It means a great deal to me today to be standing before you as President of SLSA. I welcome all of you, especially those who are coming to SLSA for the first time. I hope you will find in this meeting an inspiring, supportive network of minds that will help you to create exciting work.

Before we get down to business, I would like to offer some perspective on what SLSA is, has been, and can be. Since I attended my first conference as a graduate student in 1988 (the unforgettable Albany meeting), I have experienced SLSA as an enabling and nurturing base of friendships. When SLSA began in the mid-1980s, many of us were the geeks, freaks, nerds, and weirdos of our departments. Gillian Beer and Kate Hayles were reading literature and science in parallel, but in most literature departments, it was a rather shocking thing to do. People tended to get tenure in spite of it rather than because of it, and meetings of the then Society for Literature and Science were our only place to bond with others like ourselves. The situation was even worse for scientists who wanted to study literature—at that time, publishing essays on novels could undermine their reputations as serious researchers.

But as in the narratives we love, the nerds triumphed in the end. Research that compares scientific, artistic, and literary creativity is now celebrated, even expected—at least, relative to the days of LP’s, shoulder pads, and big hair. Accordingly, the role of SLSA is shifting from pioneering to leadership, and I have confidence that the cerebral energy in this room can help guide and support young scholars for whom combining science and the arts is like breathing.

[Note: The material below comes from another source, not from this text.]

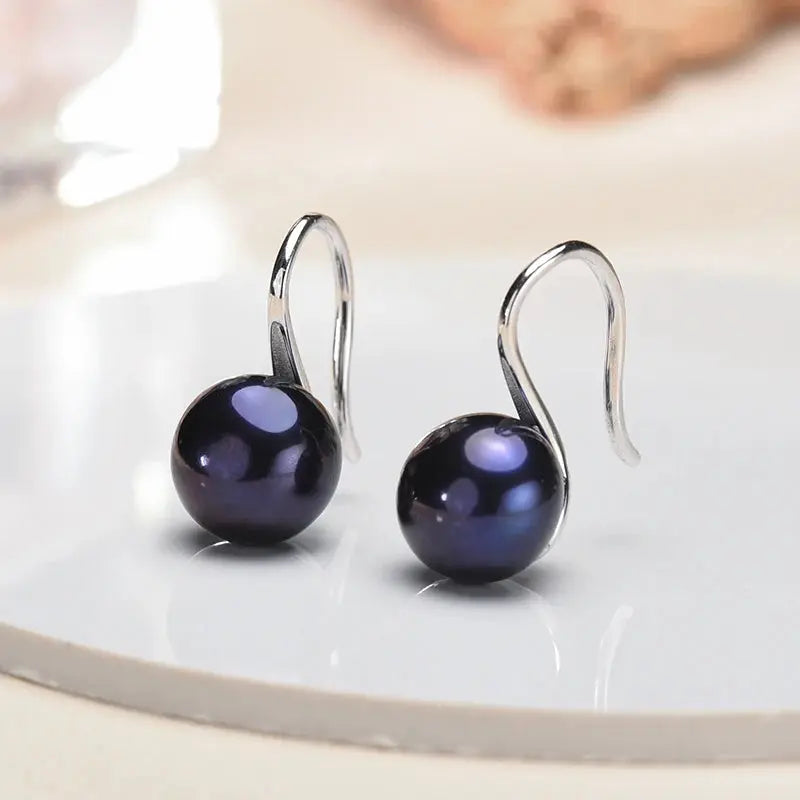 Big 9-10mm Black Natural Freshwater Pearl Earrings for Women Girl Gift, 925 Sterling Silver Jewelry Pearl Earrings New Arrival Yinkus Jewellery  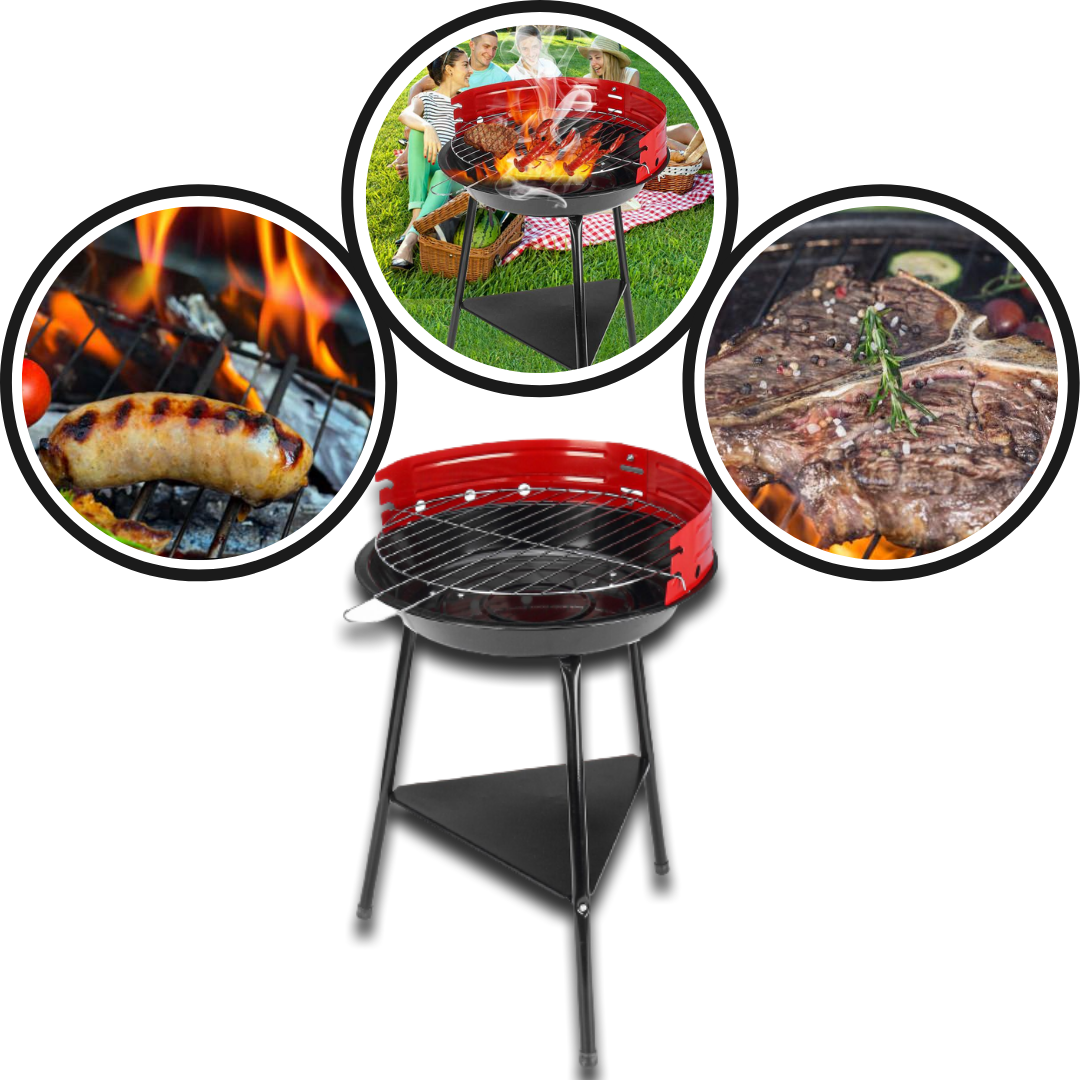 Raxiva - Portable round BBQ charcoal grill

I trust this group to lead because in my 25 years in SLSA, I have observed our open-mindedness and willingness to embrace new fields of learning as they emerge. The decision to include artists in the society and the work of Marcel O’Gorman, Dennis Summers, and many others to make art exhibits part of SLSA meetings have expanded our understanding of what new knowledge can be. I have always looked forward to SLSA meetings as a place of learning and of the high-speed evolution of thought and language, as chaos theory morphed to non-linear dynamics, and then to complexity. It has helped all of us to embrace the ideas emerging from media theory, digital scholarship, eco-criticism, and animal studies, about what it means to be alive on this planet and to build meaningful knowledge. We are a youthful society—in our bodies and/or in our spirits—if youth can be taken to mean excitement about intellectual change. We are nerds who excite one another, and we are nerds who dance.

Before I get carried away, I would like to thank Laura Walls, Ron Broglio, Notre Dame University, and everyone on the support team who has made this conference possible. I hope that some of the people new to SLSA will be inspired enough by this conference to consider helping to plan a meeting in the future—it is a labor of love. And now, on to business. 

Financial Statement: Carol Colatrella presented the annual financial statement, including membership statistics, a list of donors, and the names of those individuals awarded travel subsidies to attend the meeting. The society has approximately $134,000 in its accounts as of September 30, 2013.

Configurations Editors: Melissa Littlefield and Rajani Sudan reported that since January 2013 they had coordinated review of more than one hundred submissions (41 submitted before their becoming editors and 65 new ones) and that the average turn-around time from when they receive a submission to when an author hears whether it is accepted or not is about two months. Melissa and Rajani thanked Bob Markley and Ron Schleifer for their work on the journal and acknowledged the contributions of Book Review Editor Allison Dushane and Editorial Assistants Matt Adamson (UIUC) and Katie Bakenau (SMU). The journal editors have asked members interested in reviewing articles for the journal to email them at configurations@smu.edu

Publications Committee: Members Ron Schleifer, Susan Squier, and Anne Pollock and VP Robert Markley will investigate establishing a new SLSA book series with a press.

Electronic Resources Coordinator:  Send suggestions for additional content for the website to Wayne Miller at wmiller@law.duke.edu. Wayne will be supervising a designer updating the website in the coming months.

2013 Travel Awards: SLSA provides a limited number of travel awards for underfunded individuals attending the annual conference. In 2013, the following members received $200 subventions funded by member donations: Steven Allen, Nadine Boljkovac, Christina Colvin, Justin Derry, Bradley Fest, Cheryl Fish, Julian Gill-Peterson, Abby Goode, Clarissa Ai Ling Lee, Heather Latimer, Ajitpaul Mangat, Beatrice Marovich, Kari Nixon, Jason Price, Helen Pritchard, Lindsay Thomas, Erica Carol Tom, Timothy Welsh, and Derek Woods.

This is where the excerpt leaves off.